How to complete this task:
Retype nothing except the lines below from the one with "Hi, my name" through the one with "These butterflies are", exactly, with images left out.

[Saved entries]
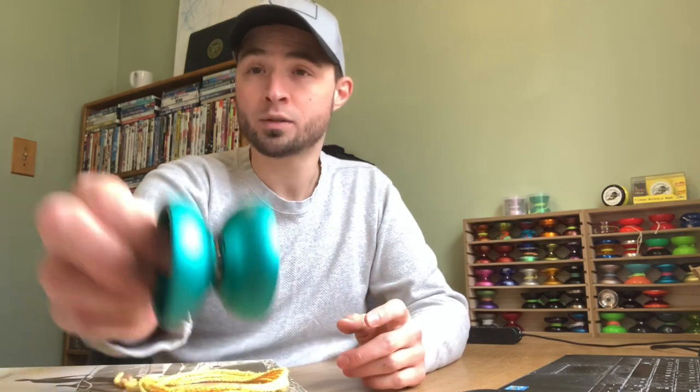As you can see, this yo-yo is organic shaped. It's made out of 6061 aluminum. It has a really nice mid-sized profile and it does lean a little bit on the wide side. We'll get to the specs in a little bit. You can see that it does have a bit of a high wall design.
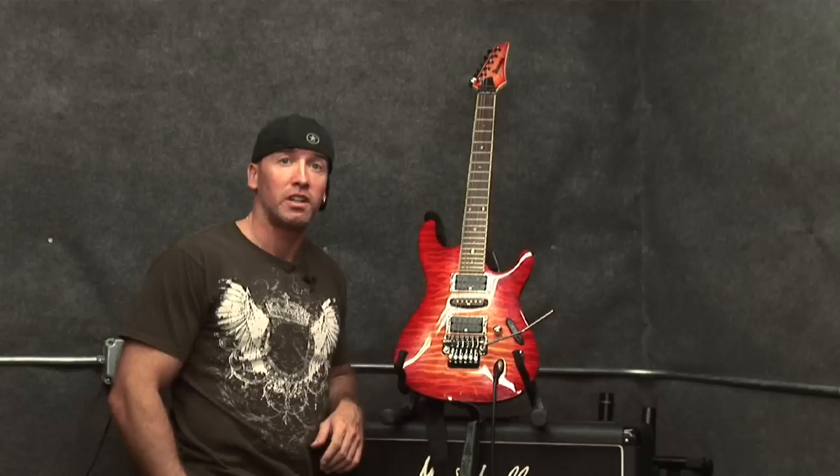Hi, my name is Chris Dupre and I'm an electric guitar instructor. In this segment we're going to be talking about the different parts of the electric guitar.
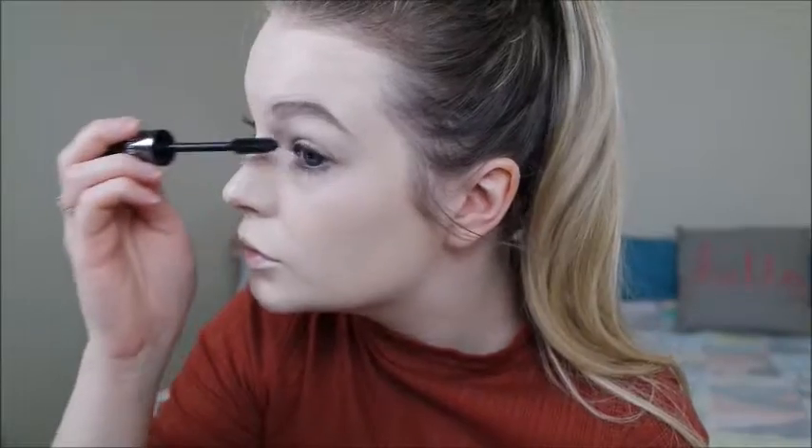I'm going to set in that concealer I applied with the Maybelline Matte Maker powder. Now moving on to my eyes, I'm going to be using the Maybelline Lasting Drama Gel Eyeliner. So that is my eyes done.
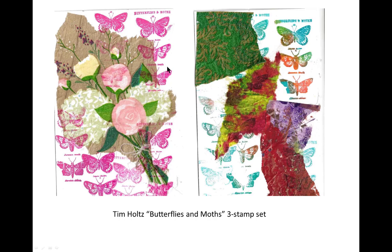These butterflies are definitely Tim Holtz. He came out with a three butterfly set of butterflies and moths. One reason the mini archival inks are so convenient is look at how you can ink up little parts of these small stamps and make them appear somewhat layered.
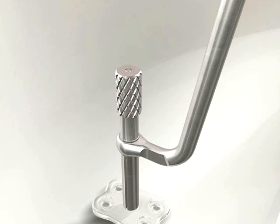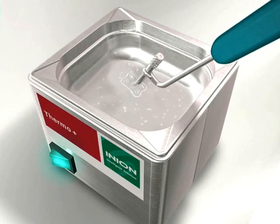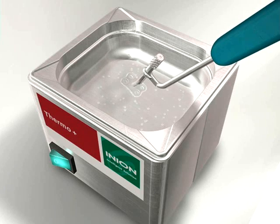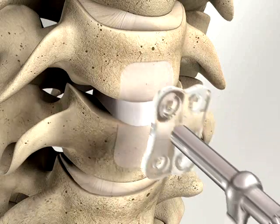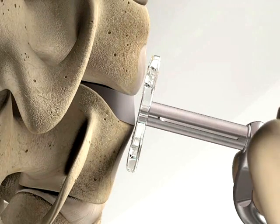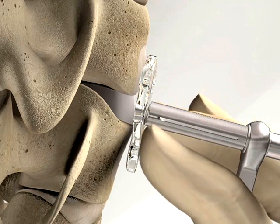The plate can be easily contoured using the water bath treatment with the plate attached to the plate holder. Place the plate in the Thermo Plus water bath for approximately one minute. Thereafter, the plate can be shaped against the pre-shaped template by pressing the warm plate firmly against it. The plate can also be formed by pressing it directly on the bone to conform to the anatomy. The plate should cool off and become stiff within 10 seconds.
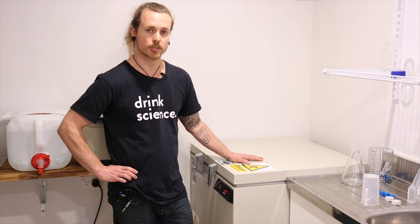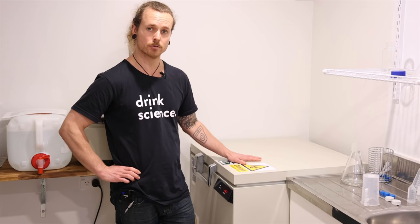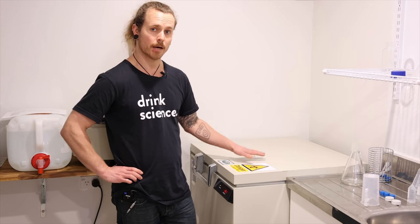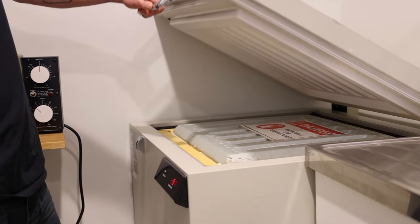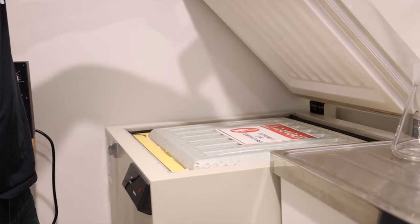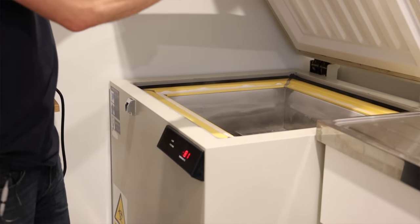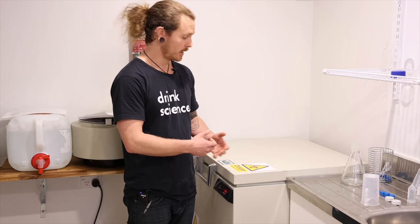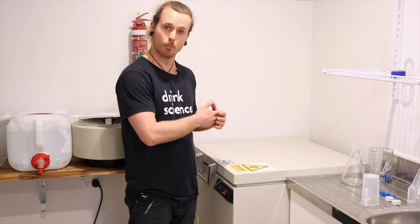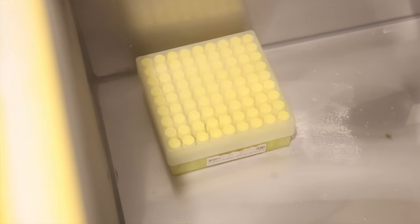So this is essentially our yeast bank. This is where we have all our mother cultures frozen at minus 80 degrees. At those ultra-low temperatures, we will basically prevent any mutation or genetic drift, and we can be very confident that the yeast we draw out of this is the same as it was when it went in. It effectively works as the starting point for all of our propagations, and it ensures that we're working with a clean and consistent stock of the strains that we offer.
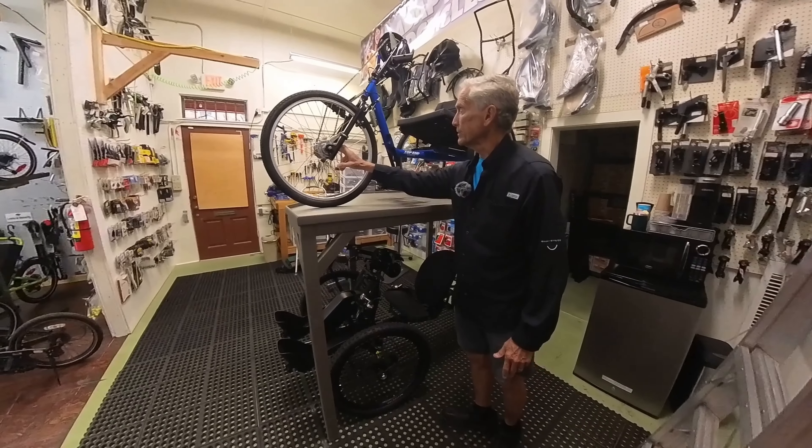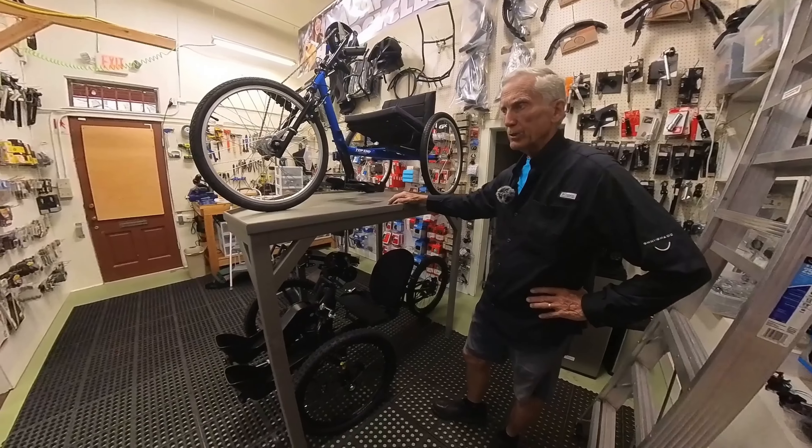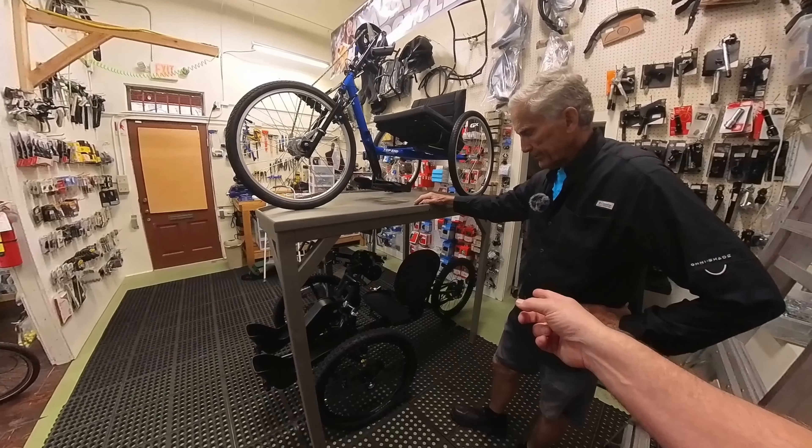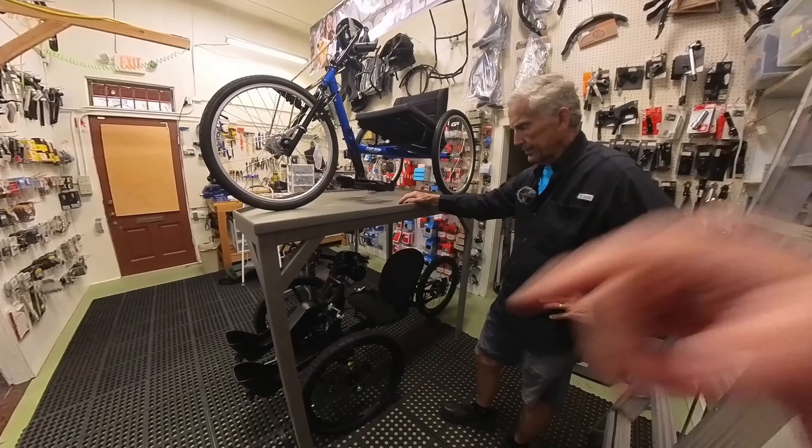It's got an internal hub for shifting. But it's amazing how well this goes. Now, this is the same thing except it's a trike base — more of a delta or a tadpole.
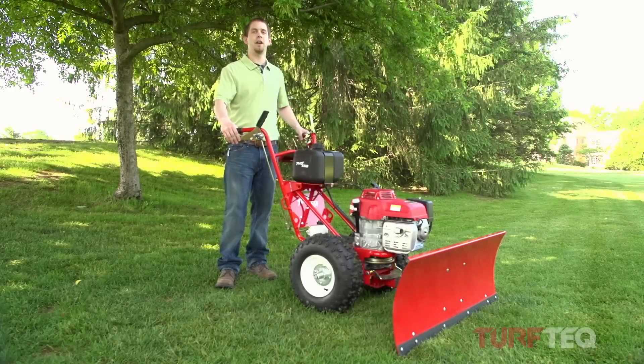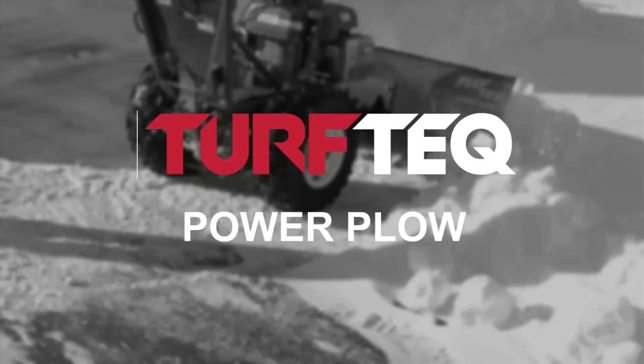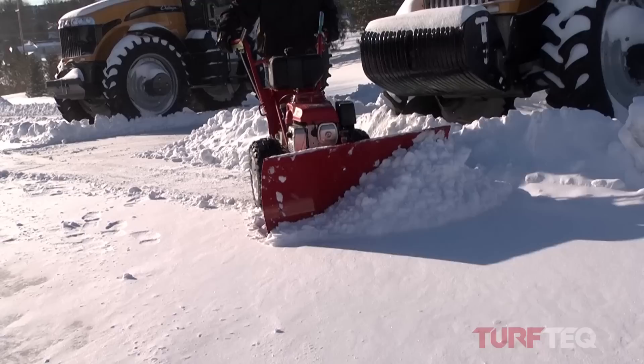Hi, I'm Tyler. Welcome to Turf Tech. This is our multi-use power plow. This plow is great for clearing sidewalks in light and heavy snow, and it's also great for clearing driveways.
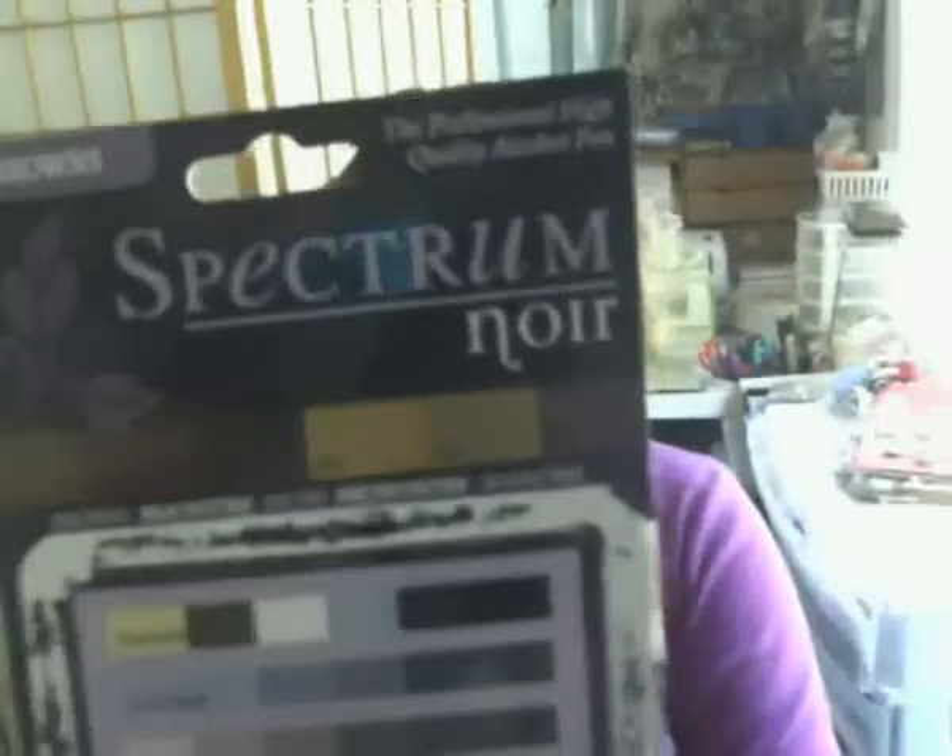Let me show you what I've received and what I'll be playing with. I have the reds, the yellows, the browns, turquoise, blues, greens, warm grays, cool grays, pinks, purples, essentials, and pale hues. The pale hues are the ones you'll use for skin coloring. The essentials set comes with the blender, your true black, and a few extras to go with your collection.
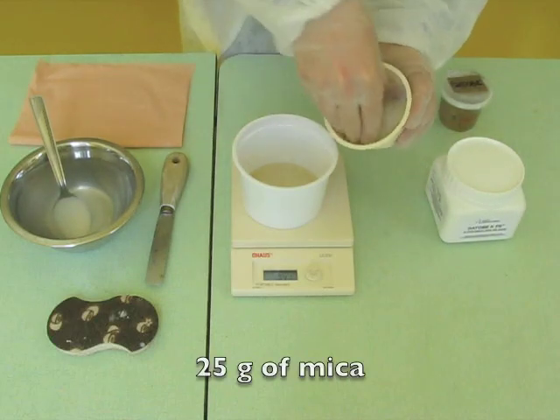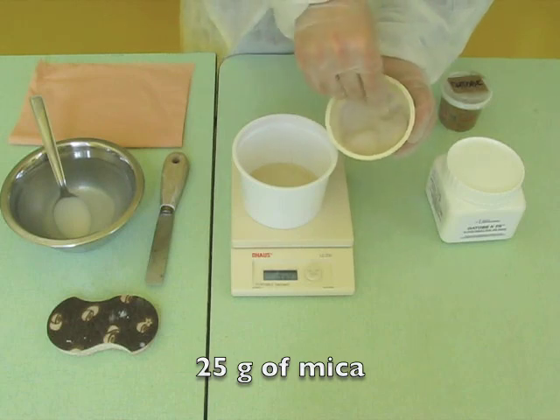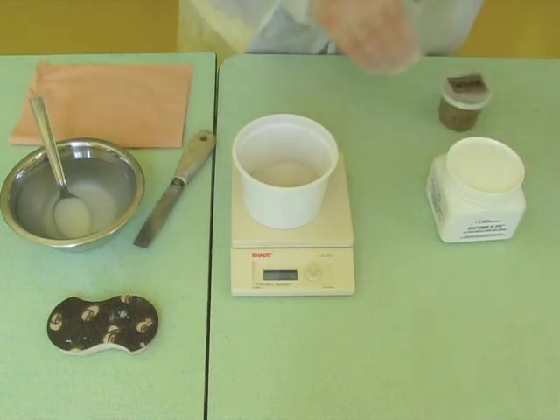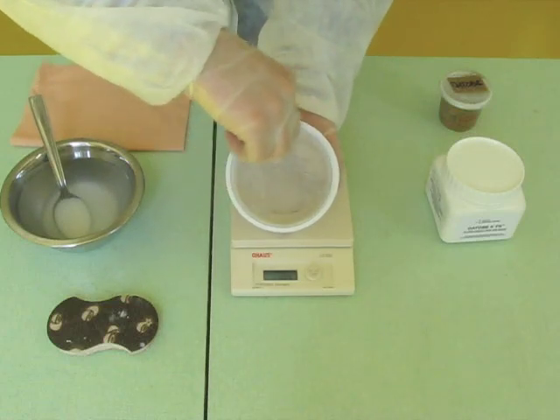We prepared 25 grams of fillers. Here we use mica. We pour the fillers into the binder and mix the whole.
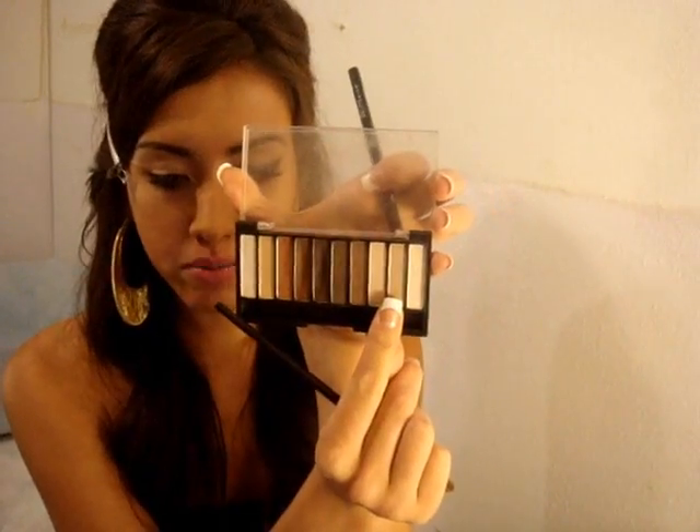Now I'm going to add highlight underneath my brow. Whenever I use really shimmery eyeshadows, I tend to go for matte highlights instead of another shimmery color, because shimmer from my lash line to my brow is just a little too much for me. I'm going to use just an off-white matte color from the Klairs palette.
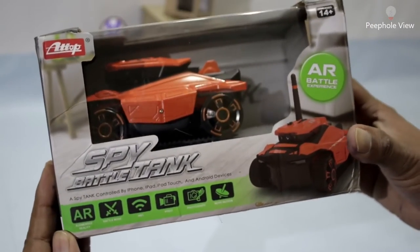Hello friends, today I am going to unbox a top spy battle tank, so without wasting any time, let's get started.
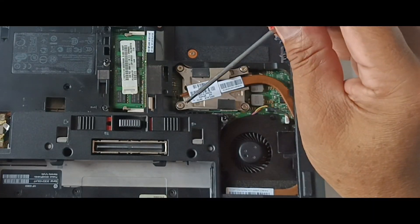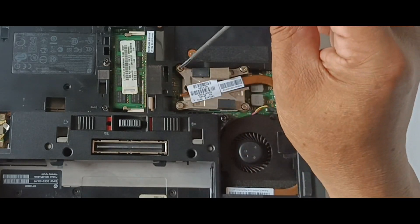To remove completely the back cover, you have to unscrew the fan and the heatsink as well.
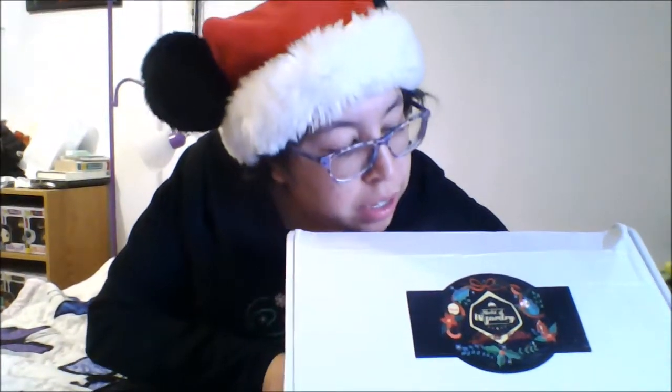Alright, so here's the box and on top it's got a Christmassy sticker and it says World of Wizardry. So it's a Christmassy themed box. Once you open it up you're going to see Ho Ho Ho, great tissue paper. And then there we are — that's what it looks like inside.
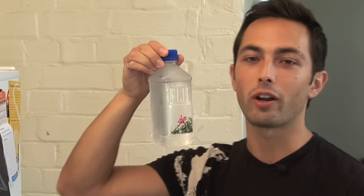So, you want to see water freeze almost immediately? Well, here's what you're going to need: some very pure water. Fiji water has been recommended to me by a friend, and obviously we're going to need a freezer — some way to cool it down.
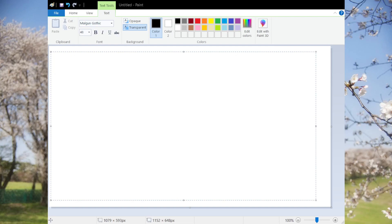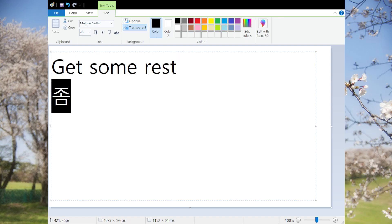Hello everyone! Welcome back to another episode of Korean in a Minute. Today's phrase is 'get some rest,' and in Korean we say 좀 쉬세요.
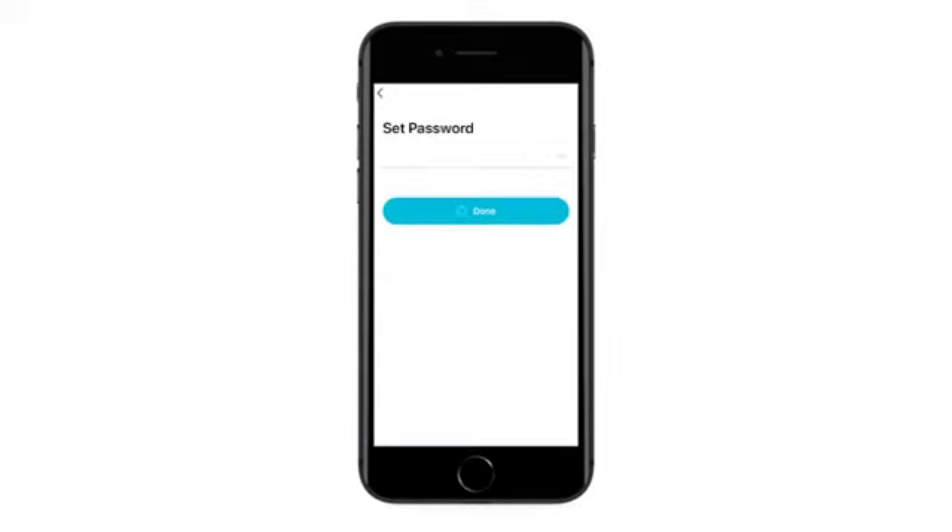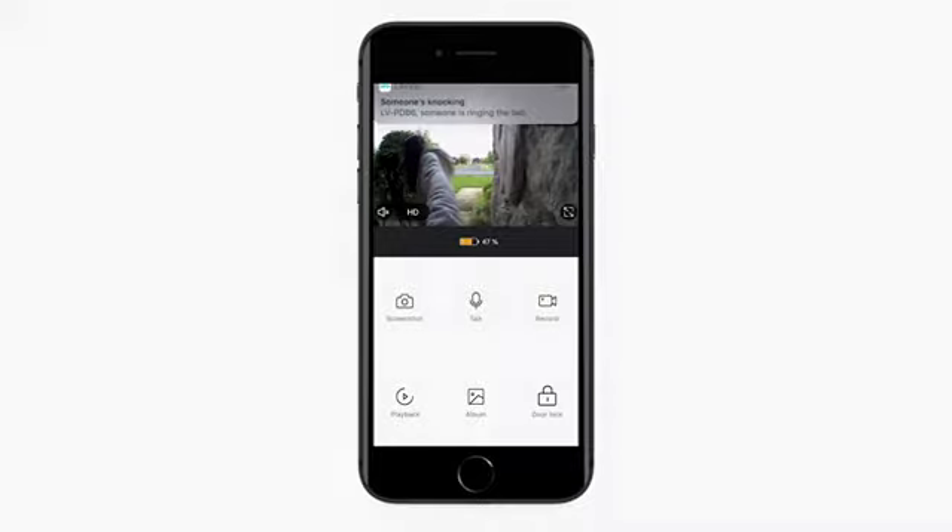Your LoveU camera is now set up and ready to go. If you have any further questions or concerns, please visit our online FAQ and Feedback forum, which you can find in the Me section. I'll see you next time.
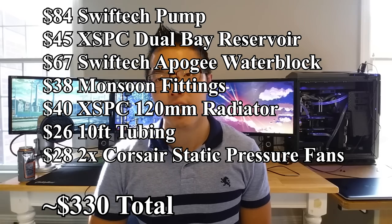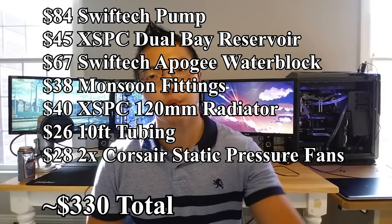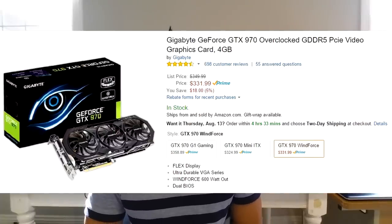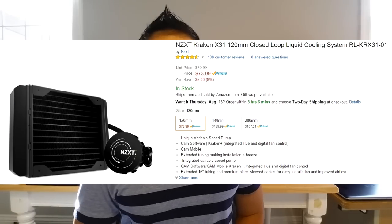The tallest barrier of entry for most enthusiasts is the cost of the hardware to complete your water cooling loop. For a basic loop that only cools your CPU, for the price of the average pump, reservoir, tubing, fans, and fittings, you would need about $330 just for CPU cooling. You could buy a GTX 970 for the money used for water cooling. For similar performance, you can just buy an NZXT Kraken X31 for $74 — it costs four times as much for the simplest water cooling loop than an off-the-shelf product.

Solution to the exercise:
Hi, my name is Chris Dupre and I'm an electric guitar instructor. In this segment we're going to be talking about the different parts of the electric guitar.
I'm going to set in that concealer I applied with the Maybelline Matte Maker powder. Now moving on to my eyes, I'm going to be using the Maybelline Lasting Drama Gel Eyeliner. So that is my eyes done.
These butterflies are definitely Tim Holtz. He came out with a three butterfly set of butterflies and moths. One reason the mini archival inks are so convenient is look at how you can ink up little parts of these small stamps and make them appear somewhat layered.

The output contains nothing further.